Township says 9/11 project will be complete by September; it will be tight

Partial property of local church purchased for 9/11 project.

Ground Zero, New York City

Across the country, more than 1,200 Sept. 11, 2001, memorials exist. This is according to the National September 11 Memorial Museum in New York City. Park benches, gardens, greenhouses and so many more sites are dubbed as areas for people to reflect and remember the nearly 3,000 lives lost on that tragic day.

Harrison Township is in the process of creating its own memorial, one soon to be located on a portion of 18 S. Main St. : the corner of the Mullica Hill Baptist Church property.

The township recently purchased the parking lot and a grassy area of the church’s property in preparation of building the memorial.
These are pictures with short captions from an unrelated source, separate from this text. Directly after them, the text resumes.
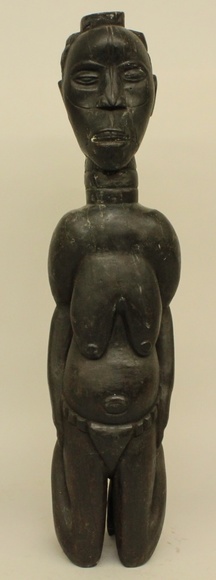 Image for Alderfer Online - African Tribal Art: 7-12-17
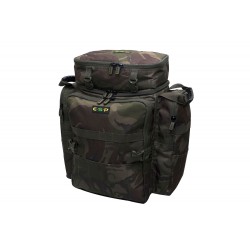 ESP Quickdraw Camo Rucksack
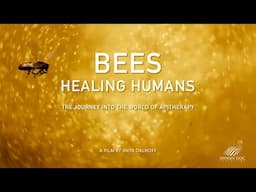 Bees Healing Humans | Trailer | Coming Soon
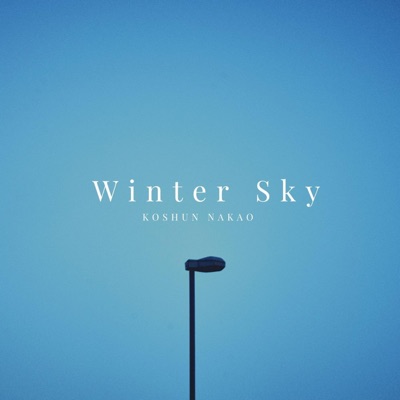 Winter Sky - Single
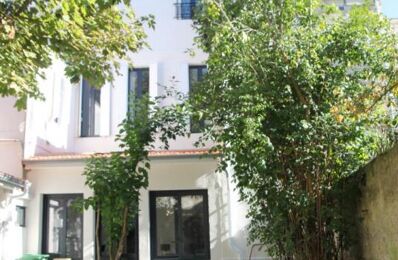 location appartement 610 € CC /mois à proximité de Fargues-Saint-Hilaire (33370)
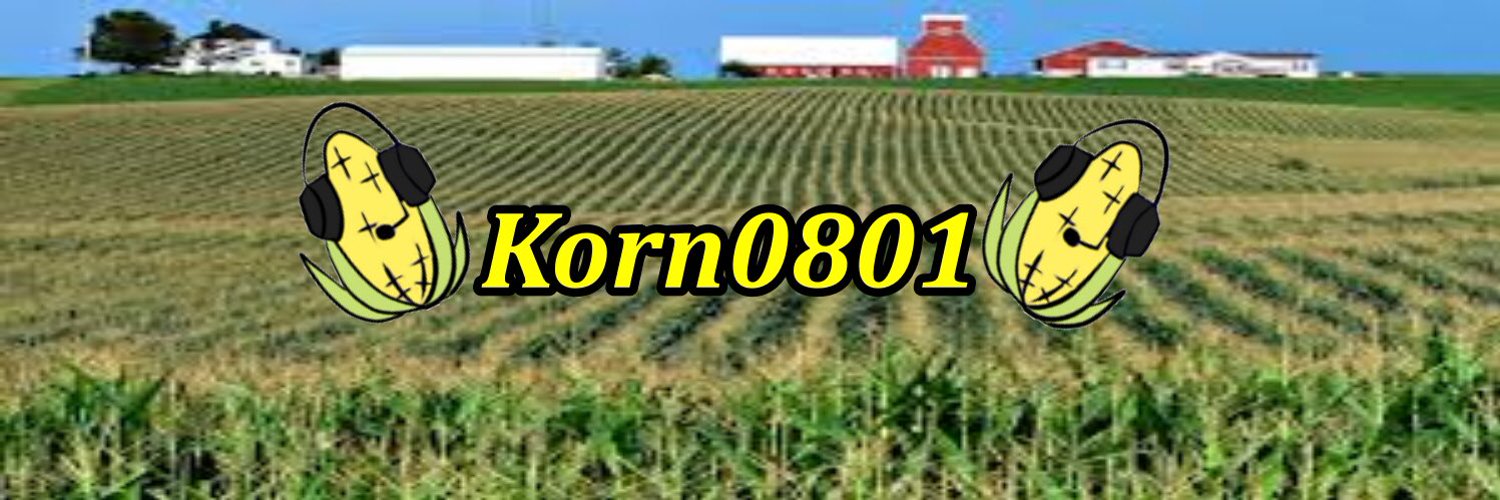🌽Corn🌽 || ENVTuber || banner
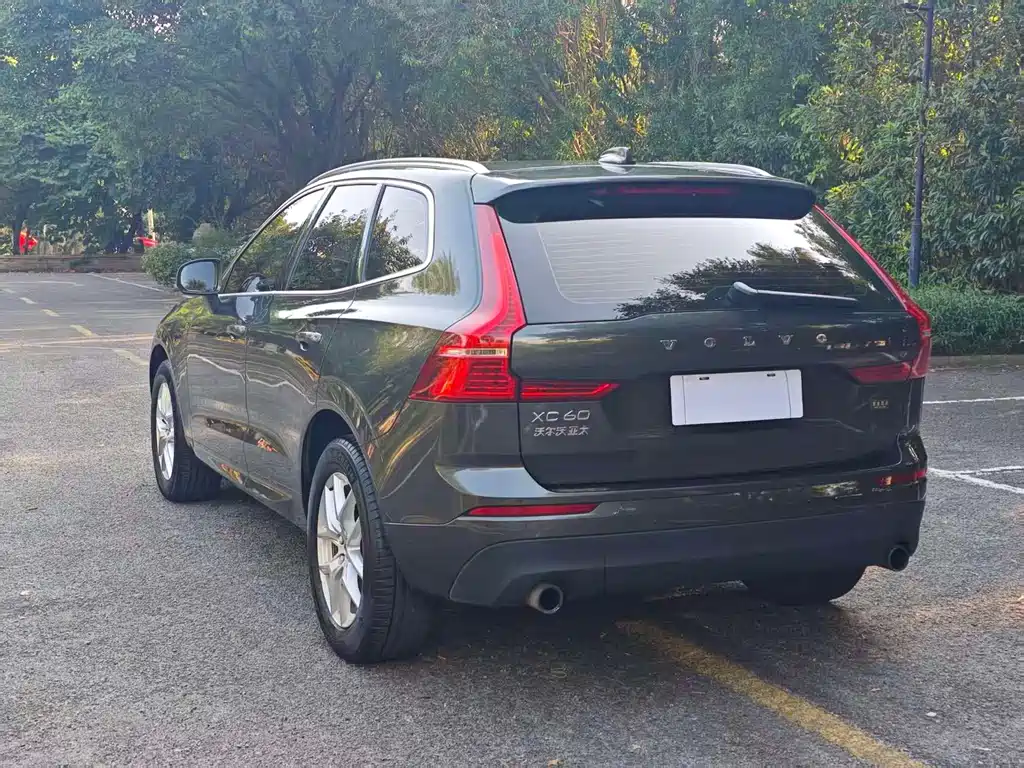 Volvo XC60 — миниатюра 7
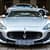 Maserati Car Cape Town South Africa. Romi Bettison Photography. Product Photography.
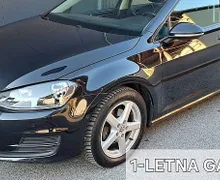 Zunanja slika - Volkswagen Golf - 1.6 TDI BMT R-Line Edition 81  110 - 1 - Predogledna slika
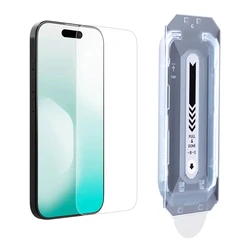 NILLKIN Tempered Glass 2.5D H Pro για Apple iPhone 17 Pro Max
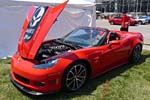  [PICS] The 2016 Bloomington Gold Corvette Show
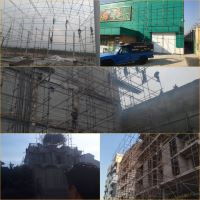 قیمت لوازم داربست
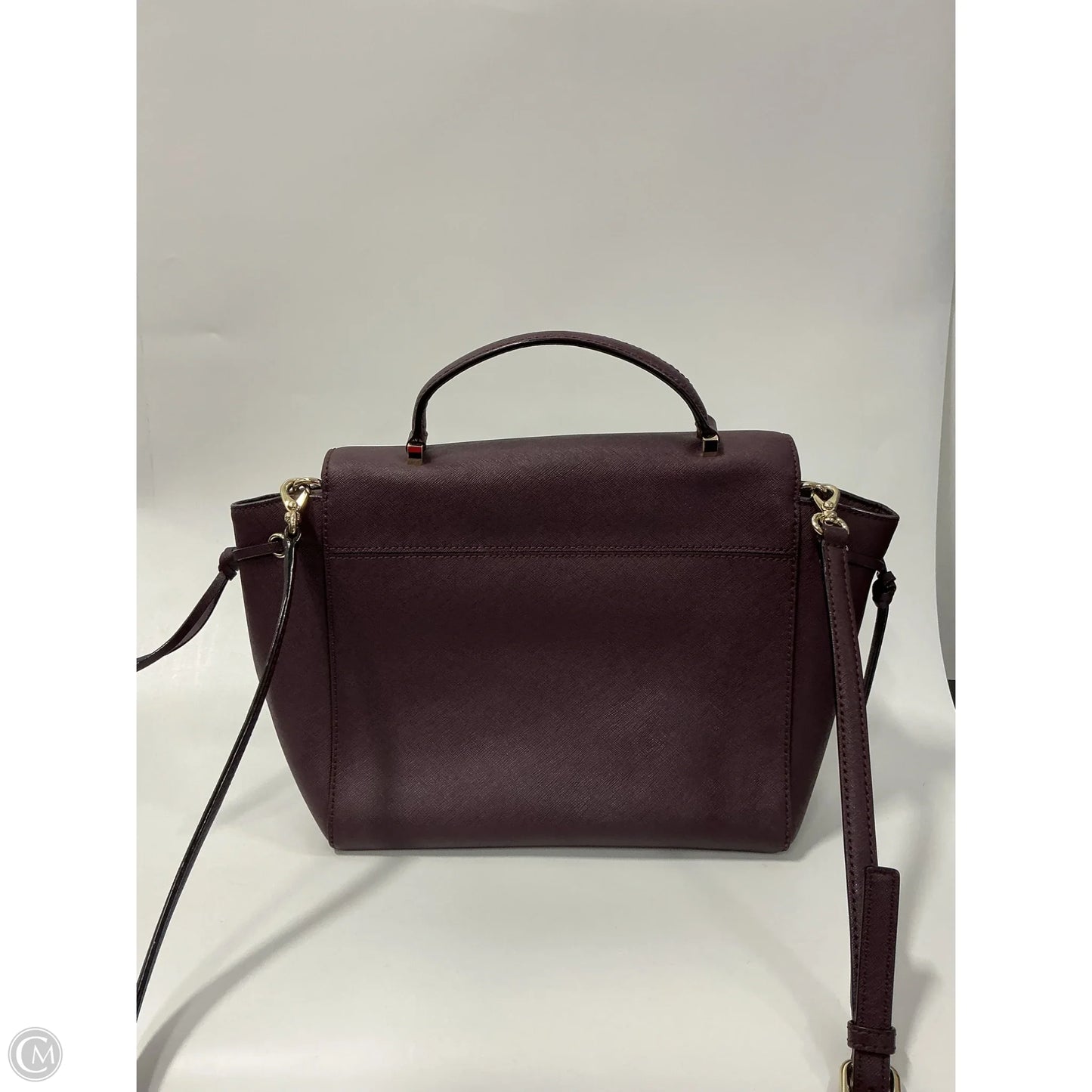 Crossbody Designer By Kate Spade, Size: Medium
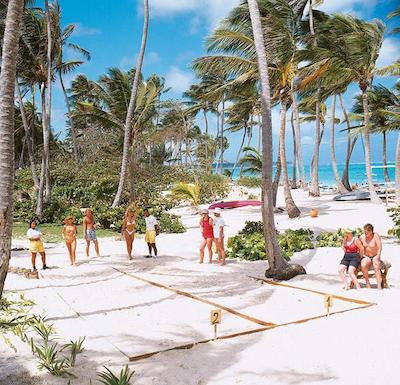 گراند پالادیوم پونتا کانا ریزرت اند اسپا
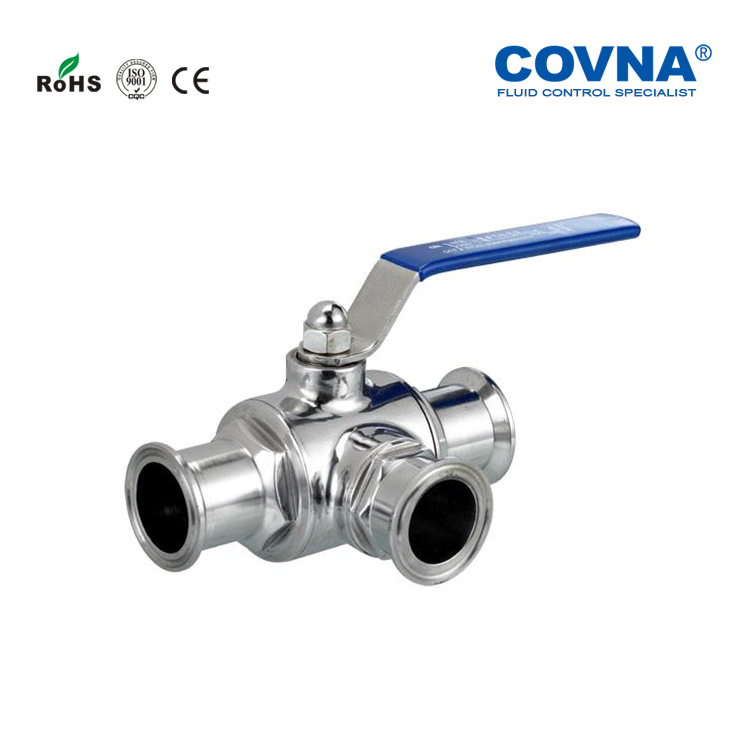 衛(wèi)生級(jí)球閥的應(yīng)用和特點(diǎn)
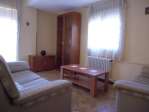 Piso 3 dormitorios amueblado zona Parque Gasset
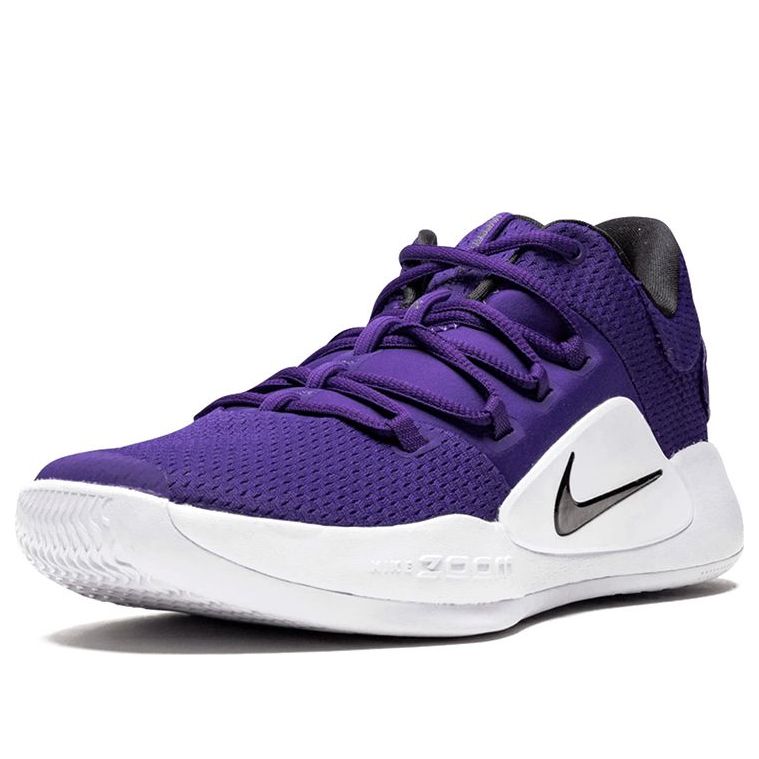 حذاء Nike Hyperdunk X Low TB 'Court Purple' AR0463-500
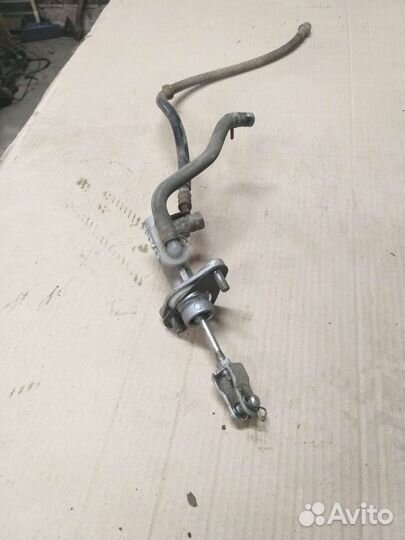 Цилиндр сцепления митсубиси лансер 9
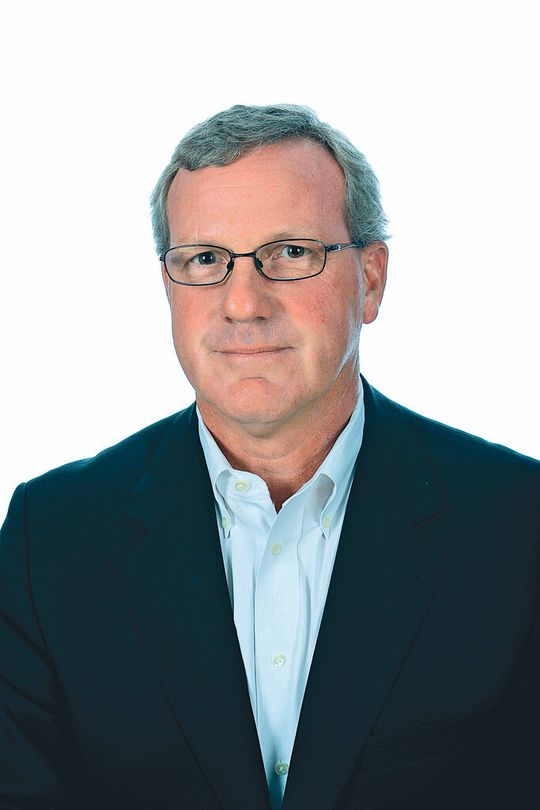 Milacron President & CEO Tom Goeke: "2015 will be a super year for Milacron in terms of rolling out new products." Milacron President & CEO Tom Goeke: "2015 will be a super year for Milacron in terms of rolling out new products."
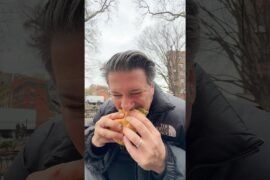 126 year old Italian Sandwich Shop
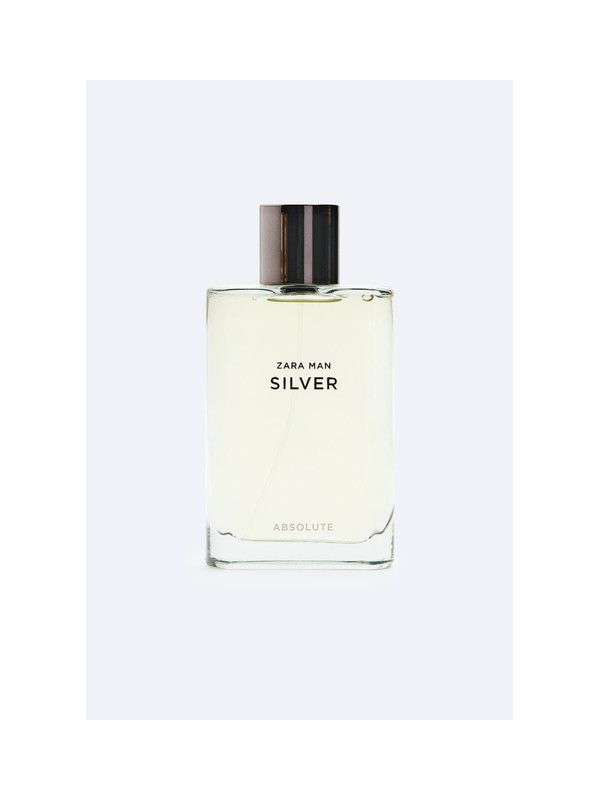 Silver Absolute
This area was purchased from the church for approximately $40,500 and bids for construction are going out this week, township administrator Mark Gravinese said. The cost of the project is not yet available; however, funds for the project were set aside in the 2017 municipal budget and due to several factors, including uncertainty of the project’s location, the funds were carried over into the 2018 budget.

Blueprint of project

The project, which has been in the works for nearly five years, was presented to the township by former deputy mayor and current commander at the American Legion Post 452, Dennis Clowney.

With overwhelming support, the township set up a Harrison Township World Trade Center Artifact Retrieval Team and secured multiple artifacts from each crash site. The team included Gravinese, Clowney, Mayor Lou Manzo, Ron Walk and Dennis Chambers.

The township has been in possession of these artifacts since 2015. One is a piece of World Trade Center steel weighing approximately 2,000 pounds.

While the project has taken several years to get underway, at the township’s May business meeting, John Cantwell, the township engineer, assured the committee the memorial is moving forward.

Gravinese and Cantwell are optimistic about getting the project built before this coming September; however, Cantwell said, “It will be tight.”

The township plans to repave the church parking lot and implement a pathway to the memorial that will consist of a concrete ring 27 feet in diameter with two granite (or like material) towers atop a pachysandra ground cover in the center of a pentagon shape. Artifacts from all three sites — New York, Washington, D.C., and Shanksville, Pa. — will be included.

The township’s plan is for each artifact to face in the direction of its respective crash site.

More information will be provided once made available.